O pecado da ludopedofilia


Aprecio a juventude, e ela me faz rejuvenescer, mas, após boa surpresa na Copa SP, empresários me dão calafrios

NOVEL LEITOR , noveleira leitora, eu vos pergunto: qual a melhor maneira de manter alguma jovialidade?
Cremes? Ginástica? Botox? Miolo de abacaxi batido no liquidificador? Barbatanas de tubarão temperadas com pó de presa de elefante? Não, nada disso, o melhor modo de se manter jovem é ficar perto de gente jovem. Vendo suas peles lisas e macias, esquecemos nossas rugas; vendo sua disposição, deixamos de lado nossas dores na coluna; vendo seus cabelos esquisitos, nem temos vontade de tirar nossos fios brancos.
Há uma beleza intrínseca à juventude. E não só na dos humanos, mas até nos animais. É só pensar num gatinho novo brincando com uma bola de papel, num cachorrinho enfiando o nariz num sapato, em pintinhos amarelos andando em fila. Mas fiquemos nos seres humanos.

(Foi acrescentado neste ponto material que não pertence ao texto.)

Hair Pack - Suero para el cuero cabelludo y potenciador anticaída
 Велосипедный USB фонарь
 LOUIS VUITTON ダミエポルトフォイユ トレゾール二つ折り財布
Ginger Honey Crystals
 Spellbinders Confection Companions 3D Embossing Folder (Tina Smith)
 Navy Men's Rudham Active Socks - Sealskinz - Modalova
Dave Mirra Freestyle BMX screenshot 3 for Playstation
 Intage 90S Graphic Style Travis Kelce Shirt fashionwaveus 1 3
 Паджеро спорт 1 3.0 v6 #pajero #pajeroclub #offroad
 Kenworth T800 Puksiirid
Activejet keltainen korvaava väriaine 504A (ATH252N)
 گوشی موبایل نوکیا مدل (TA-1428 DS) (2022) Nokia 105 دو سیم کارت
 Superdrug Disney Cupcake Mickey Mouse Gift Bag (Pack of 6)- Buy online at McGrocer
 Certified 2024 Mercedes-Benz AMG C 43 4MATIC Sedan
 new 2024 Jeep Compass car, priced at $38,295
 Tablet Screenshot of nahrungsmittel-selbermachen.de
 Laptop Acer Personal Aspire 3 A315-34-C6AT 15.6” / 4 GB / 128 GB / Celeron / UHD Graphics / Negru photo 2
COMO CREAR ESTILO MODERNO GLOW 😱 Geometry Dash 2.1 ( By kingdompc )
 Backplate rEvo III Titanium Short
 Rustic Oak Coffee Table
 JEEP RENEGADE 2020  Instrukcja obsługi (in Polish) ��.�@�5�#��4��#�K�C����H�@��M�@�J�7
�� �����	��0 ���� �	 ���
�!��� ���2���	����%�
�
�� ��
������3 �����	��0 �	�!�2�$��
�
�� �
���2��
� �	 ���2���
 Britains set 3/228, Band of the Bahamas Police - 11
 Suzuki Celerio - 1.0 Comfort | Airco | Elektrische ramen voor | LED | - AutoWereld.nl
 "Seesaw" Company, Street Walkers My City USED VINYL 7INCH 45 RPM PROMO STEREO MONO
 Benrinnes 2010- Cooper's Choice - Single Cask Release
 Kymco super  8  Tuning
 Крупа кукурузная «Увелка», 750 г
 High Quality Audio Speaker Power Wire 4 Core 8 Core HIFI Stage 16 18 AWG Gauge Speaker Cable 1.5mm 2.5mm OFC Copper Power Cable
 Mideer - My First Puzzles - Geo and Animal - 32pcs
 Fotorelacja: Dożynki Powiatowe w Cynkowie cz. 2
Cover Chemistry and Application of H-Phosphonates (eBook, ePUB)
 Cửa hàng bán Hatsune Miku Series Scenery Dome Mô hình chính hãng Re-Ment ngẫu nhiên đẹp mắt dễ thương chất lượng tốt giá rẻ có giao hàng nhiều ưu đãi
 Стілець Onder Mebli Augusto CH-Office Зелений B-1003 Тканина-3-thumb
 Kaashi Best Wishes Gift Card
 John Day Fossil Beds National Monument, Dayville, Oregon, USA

Aquelas pernas finas, a energia que transborda, a risada sem motivo, o abdômen esguio e até as espinhas, tudo faz com que a juventude seja bela e atraente. Assim, neste fim de semana, cometi o pecado da ludopedofilia. No bom sentido, é claro. Explico melhor: como o futebol adulto está em recesso e como não morro de amores pelos torneios europeus, só o que me restou foram os jogos da Copa São Paulo. Confesso que não esperava grande coisa dessas partidas. A falta de maturidade física e técnica às vezes se traduz em jogos sem graça, sem lances brilhantes e surpreendentes. Mas tive uma surpresa. Vi algumas partidas e notei uma certa leveza que não temos no futebol adulto. As jogadas me parecem menos violentas e há maior liberdade para os lances criativos, para a firula, para o enfeite. Talvez isso aconteça porque muitos atletas, sabendo que há empresários nas arquibancadas, tentam bordar as jogadas para eles. Mas também pode ser porque o futebol para os meninos ainda é um pouco brincadeira.
Outra graça de ver os jogos da Copinha, principalmente em relação ao seu time, é imaginar os garotos no futuro. Neste estágio, os jogadores são como crianças no berçário. Eles podem ser tudo. Podem ser a nossa maior glória, podem nos dar conquistas impensadas, podem trazer risos e lágrimas de alegria.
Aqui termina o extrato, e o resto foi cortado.